DETAILS OF FOOD AND WATER QUALITY:
Analytical data related to contaminants in food, bedding material, and enrichment were confirmed to meet the standards established by this laboratory based on the “Limits of Contaminants in Foods and Vehicles” (1979) established according to the US EPA Toxic Substances Control Act. Quality of drinking water was tested twice a year according to the Ministerial Ordinances Related to Water Quality Standards issued by the Ministry of Health, Labor and welfare (MHLW Ordinance Nos. 101, 135 and 174). Latest test data received before arrival of animals and after completion of experiments were confirmed to meet the standards set according to these ordinances.

ENVIRONMENTAL CONDITIONS
- Temperature (°C): 21-25ºC
- Humidity (%): 40-70%
- Air changes (per hr): 10-15 times/hour
- Photoperiod (hrs dark / hrs light): a light/dark cycle of 12 hours (light on 7:00 and off at 19:00)

Route of administration:

oral: gavage

Details on route of administration:

Dosing solutions were orally administered by gavage once a day between 9:00 and 14:00

Vehicle:

olive oil

Details on oral exposure:

PREPARATION OF DOSING SOLUTIONS:
The test substance was precisely weighed and dissolved by adding olive oil to prepare a 20.0 w/v% solution of the test substance (dosing solution). Aliquots of the 20.0 w/v% solution of the test substance were diluted with olive oil to prepare 5.00 and 1.25 w/v% solutions of the test substance.

VEHICLE
- Justification for use and choice of vehicle (if other than water):
- Concentration in vehicle:20.0, 5.00 and 1.25 w/v%
- Amount of vehicle (if gavage): 4 mL/kg
- Lot/batch no. (if required): 240621

Analytical verification of doses or concentrations:

yes

Details on analytical verification of doses or concentrations:

Solutions of the test substance were sampled (n=1) from the mid layer shortly after preparation. After pre-treatment, concentrations of the test substance were determined once by HPLC (n=1). The relative concentration of the test substance was 100±10% of the nominal concentration at all three concentrations (102%, 103% and 99.2%, respectively, at 20.0 w/v%, 5.00 w/v% and 1.25 w/v%).

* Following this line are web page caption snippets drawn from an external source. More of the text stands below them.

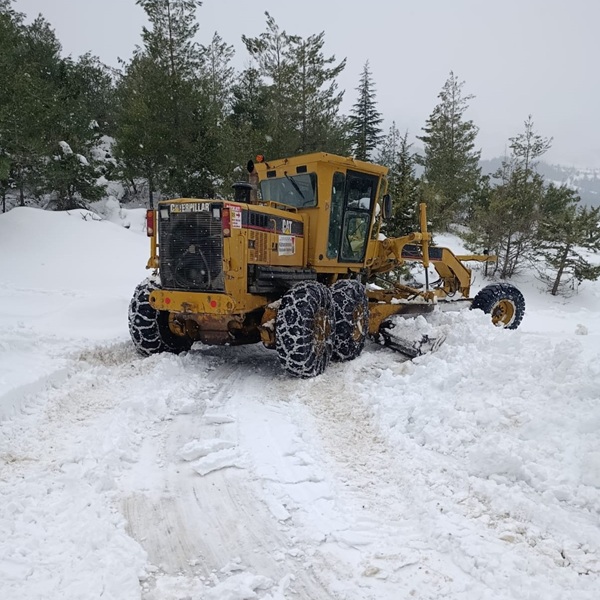Kahramanmaraş Büyükşehir Belediyesi, şehir genelinde etkisini artıran yoğun kar yağışına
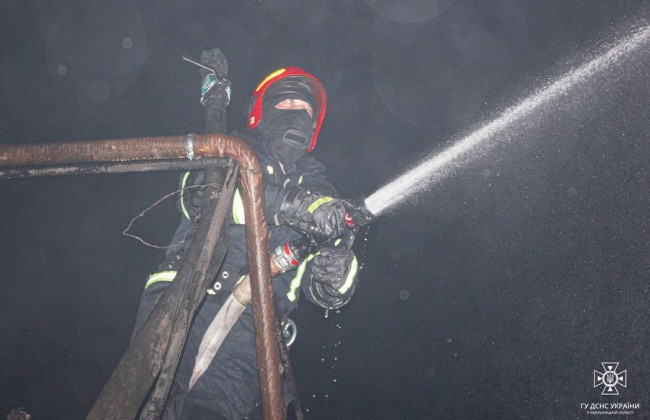 На масляном предприятии на Хмельнитчине произошел пожар, фото от ГСЧС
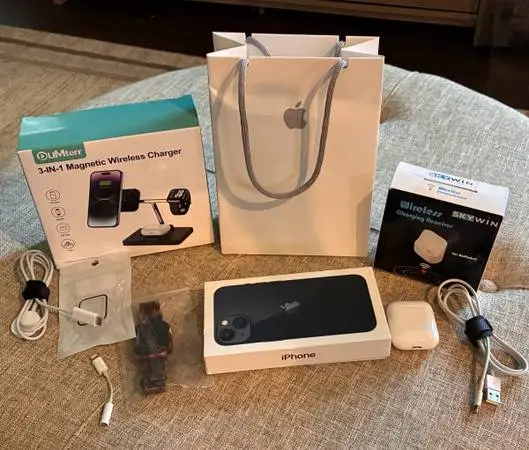 iPhone 13 128GB with Airpods, Apple Watch and accessories.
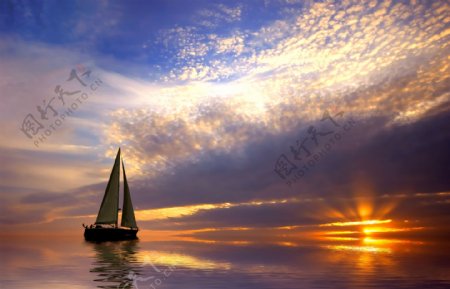 夕阳的帆船图片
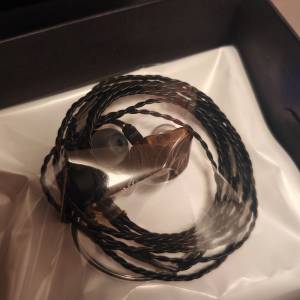 inear balck bronze 耳機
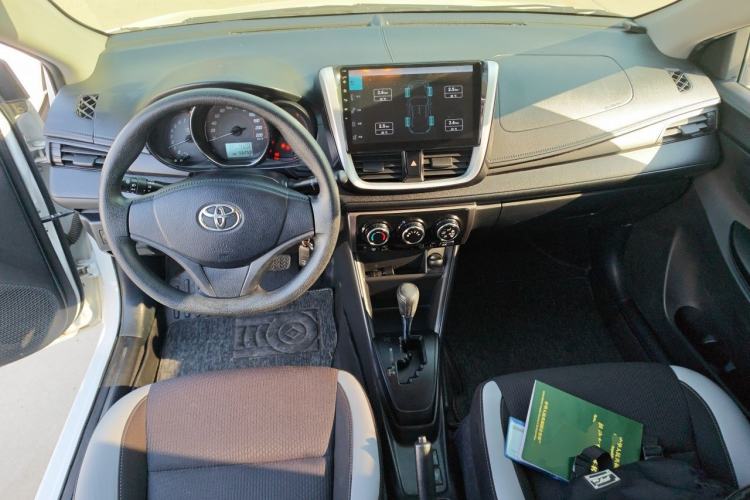 Used Toyota YARiS L Zhi Xuan 2020 1.5L CVT Leading Edition Center Console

Duration of treatment / exposure:

Males: 42 days
Females: from 14 days before mating to day 4 of lactation
Females (satellite): 42 days

Frequency of treatment:

once a day

Dose / conc.:

50 mg/kg bw/day (actual dose received)

Remarks:

Low dose

Dose / conc.:

200 mg/kg bw/day (actual dose received)

Remarks:

Mid dose

Dose / conc.:

800 mg/kg bw/day (actual dose received)

Remarks:

High dose

No. of animals per sex per dose:

Male: 7 rats/group（control and high dose groups of main study) +5 rats/group (control and high dose groups of recovery); 12 rats/group (low and middle dose groups of main study).
Female: 12 rats/group (all groups of main study) + 5 rats/group (control and high dose groups of recovery).

Control animals:

yes, concurrent vehicle

Details on study design:

- Dose selection rationale: Doses were set based on the results of a dose-setting study conducted for the combined multiple oral dose toxicity and reproduction toxicity study in rats. The test substance was orally administered at 0 (olive oil), 25, 250, 500 and 1,000 mg/kg/day for 14 days to 9-week-old Crl:CD(SD) rats, 3 males and 3 females per group, and animals were observed with respect to clinical signs and symptoms, weighed, and subjected to hematological and blood biochemical examinations, organ weighing, and autopsy. Testes were histopathologically examined in males. The test substance was found to affect mainly the testes and liver.
Thus, the test substance seemed to affect organs such as the testes and liver, but the effects on the liver were not thought to be significant toxic effects because changes such as enzyme deviations were not seen. Observation of clinical signs and symptoms showed changes which suggested effects on the nervous system such as staggering gait, but these were not thought to suggest any considerable toxic effect, either, because these were transient and were not associated with any significant changes in body weight. Toxic effects on the testes were considered to be strong at 1,000 mg/kg/day because these were moderate in two of the three animals and weak at 500 mg/kg/day because these were slight in one of the three animals. These findings suggested that a number of pregnant animals large enough to evaluate the effects on the next generation cannot be obtained due to toxic effects on the testes at 1,000 mg/kg/day and the test substance's toxicity profile cannot be appropriately evaluated due to weak toxicity at 500 mg/kg/day. Taking these findings and the scheduled treatment period in the combined study into account, 800 mg/kg/day, which was expected to give a number of pregnant animals large enough to evaluate effects on the next generation and make it possible to appropriately evaluate the test substance’s toxicity profile, was thought to be appropriate as a high dose, followed by a mid dose of 200 mg/kg/day, which was expected to show slight toxic effects, and a low dose of 50 mg/kg/day, which was not expected to be toxic.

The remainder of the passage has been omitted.